→ ASSIGNED TASK:
A word-for-word copy of all entries is required, without images.

(Saved entries)
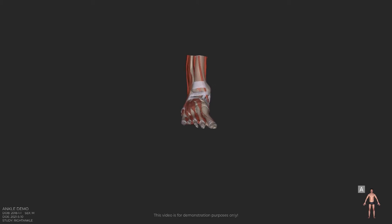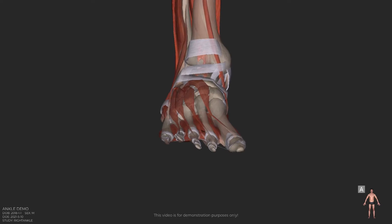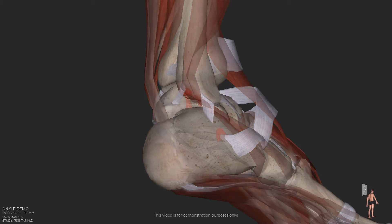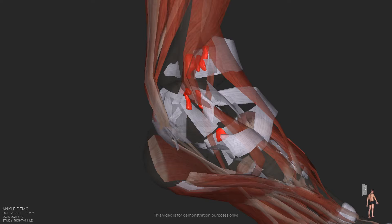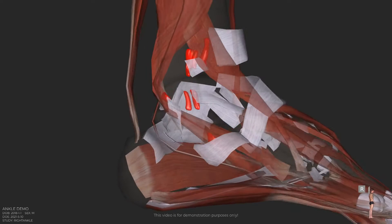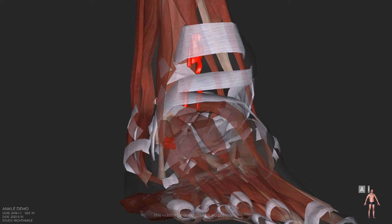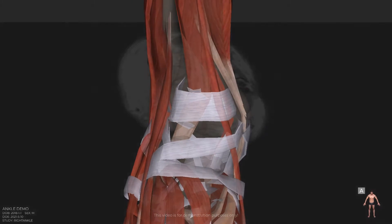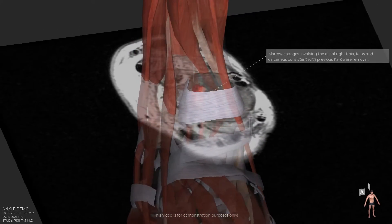This is a video for demonstration purposes of the patient's right foot. Marrow changes involving the distal right tibia, talus, and calcaneus, consistent with previous hardware removal.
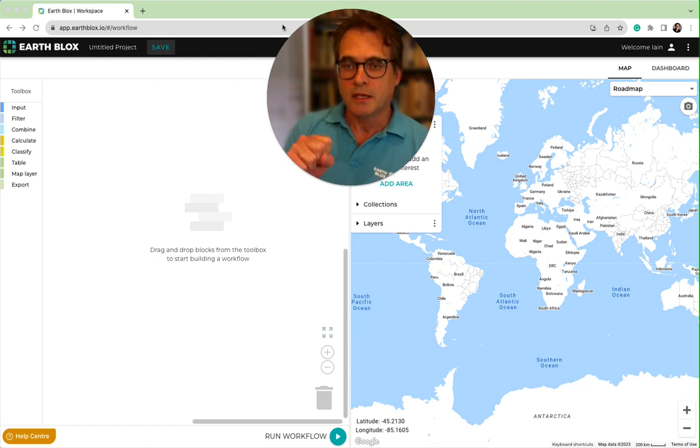So go and get logged in, get ready for video one, and we're going to start looking at some Earth Observation.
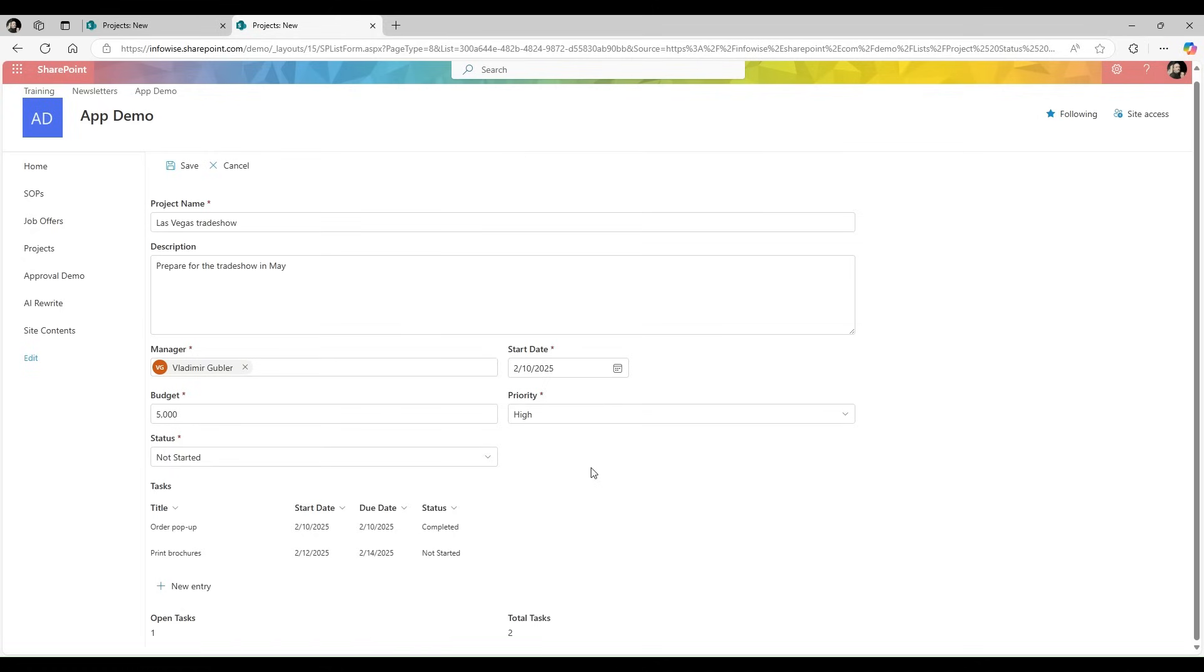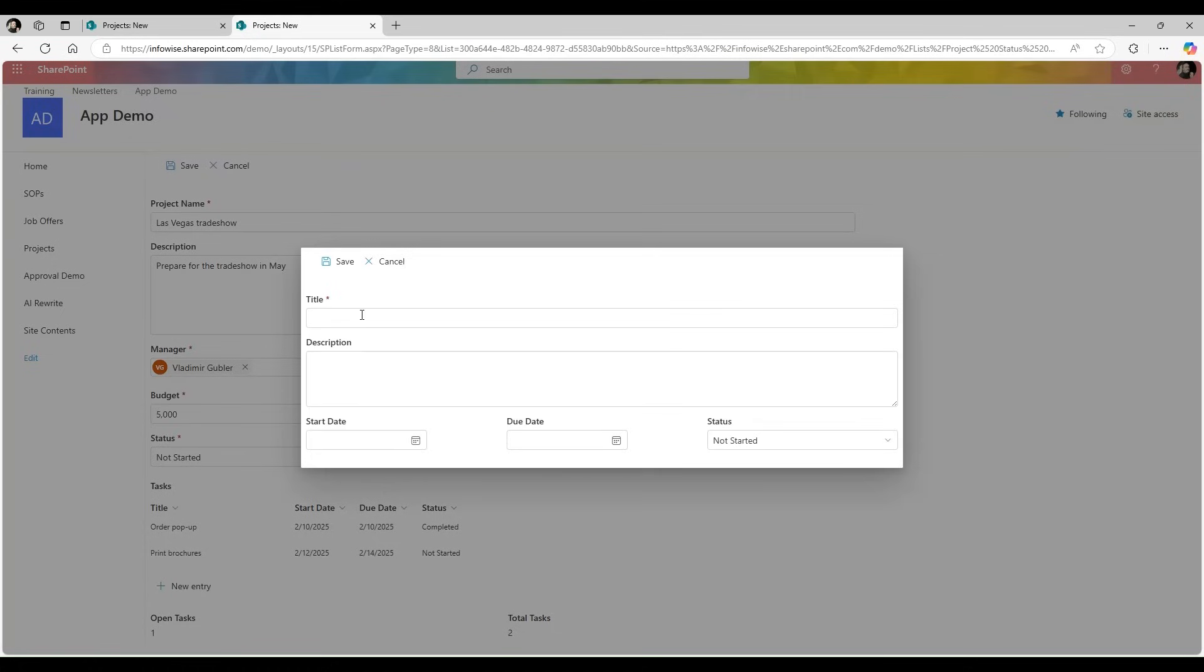With Ultimate Forms, it's easy to create repeating sections in SharePoint Forms. Here I'm creating multiple tasks for a single project.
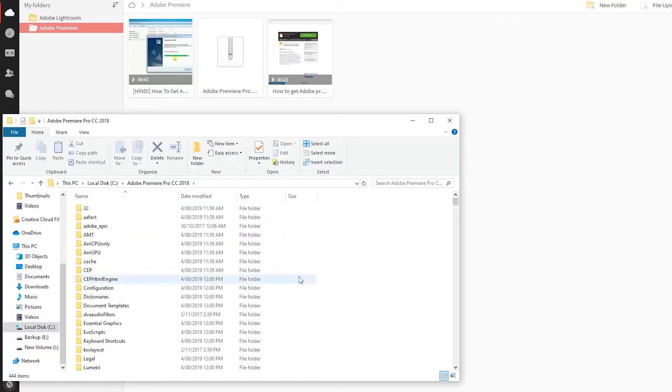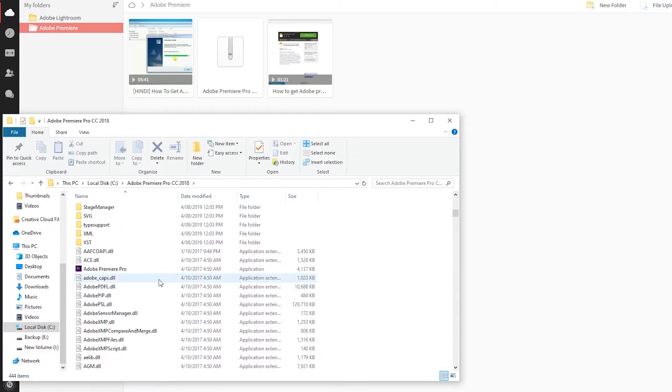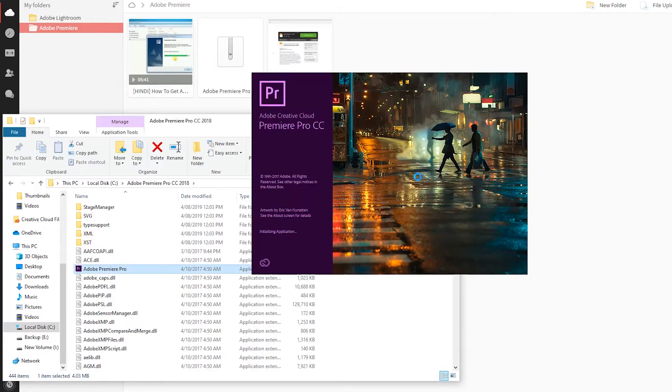You will want to extract all of that and extract it into the downloads folder, or wherever you want to download it to. Once you're there, go into that particular folder, click on Adobe Premiere, and it'll open up and work perfectly fine.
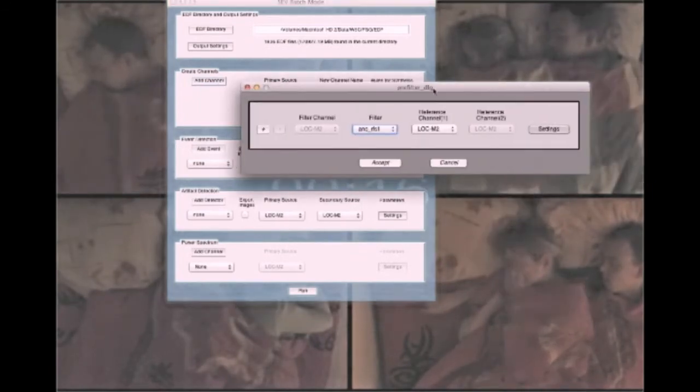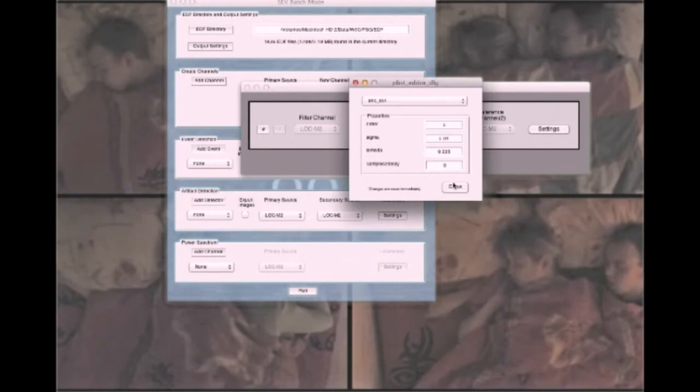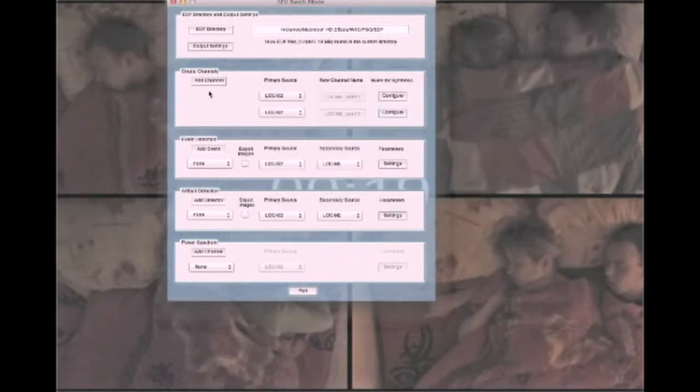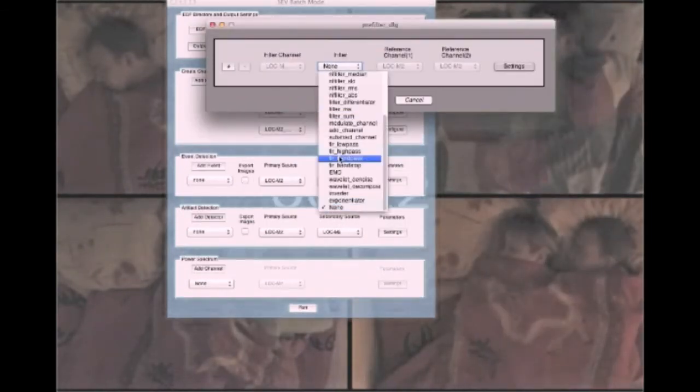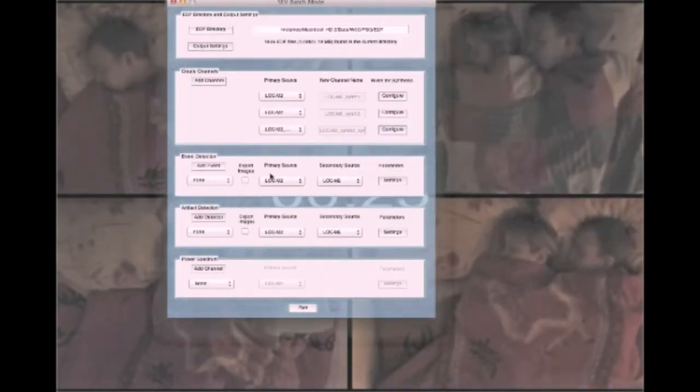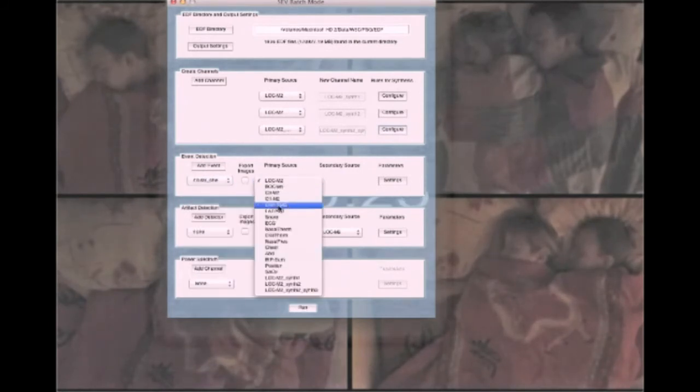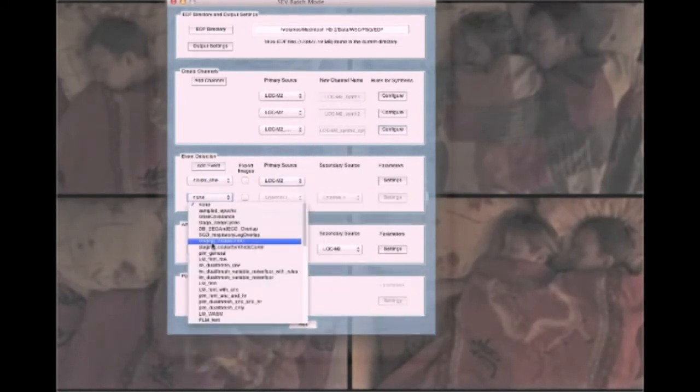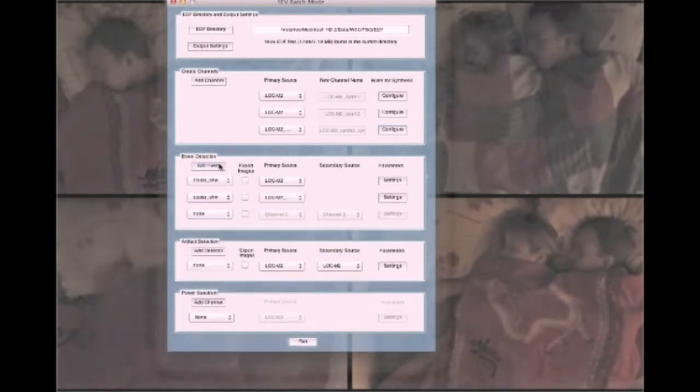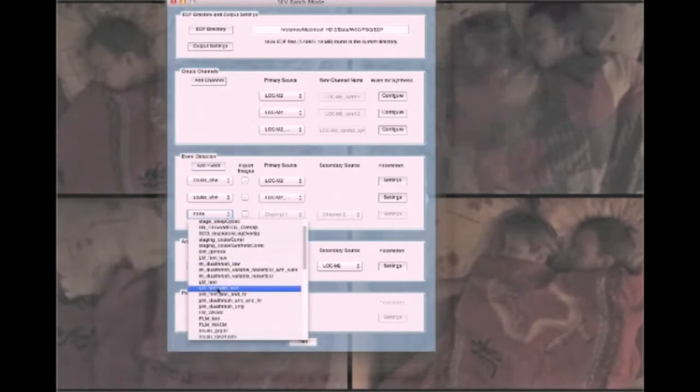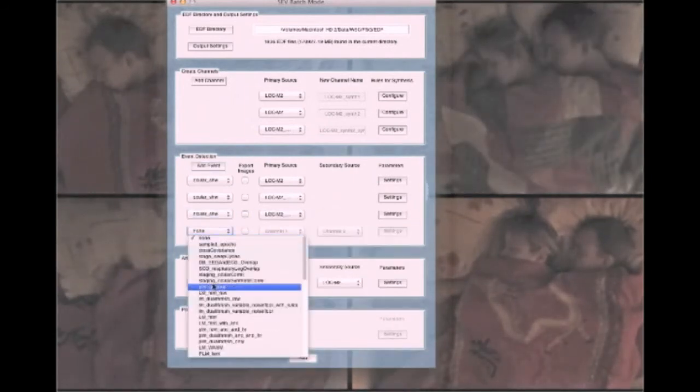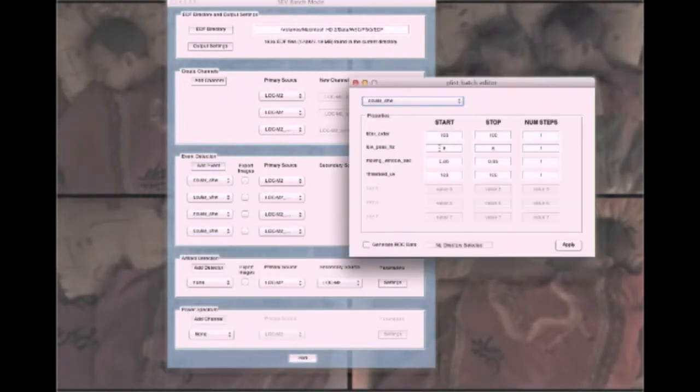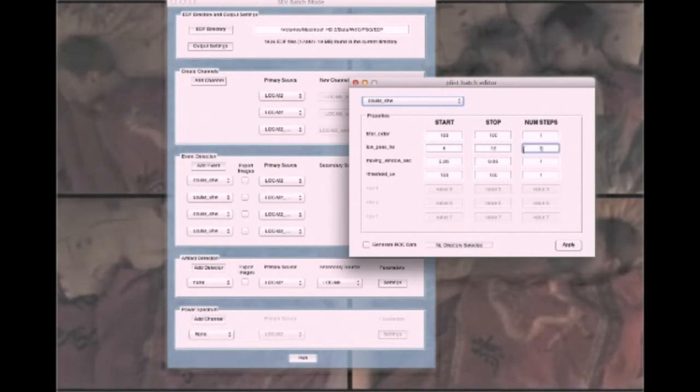In addition to regular EDF channels, new channels can be synthesized and configured for processing. Any of the SEV's detectors may be run on specific channels to detect phasic events or artifacts. When optimal detector settings are unknown, a range of parameters may be established to iterate through and try for each study with no additional loading overhead.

→ SOLUTION TO THIS TASK:
This is a video for demonstration purposes of the patient's right foot. Marrow changes involving the distal right tibia, talus, and calcaneus, consistent with previous hardware removal.
So go and get logged in, get ready for video one, and we're going to start looking at some Earth Observation.
With Ultimate Forms, it's easy to create repeating sections in SharePoint Forms. Here I'm creating multiple tasks for a single project.
You will want to extract all of that and extract it into the downloads folder, or wherever you want to download it to. Once you're there, go into that particular folder, click on Adobe Premiere, and it'll open up and work perfectly fine.
In addition to regular EDF channels, new channels can be synthesized and configured for processing. Any of the SEV's detectors may be run on specific channels to detect phasic events or artifacts. When optimal detector settings are unknown, a range of parameters may be established to iterate through and try for each study with no additional loading overhead.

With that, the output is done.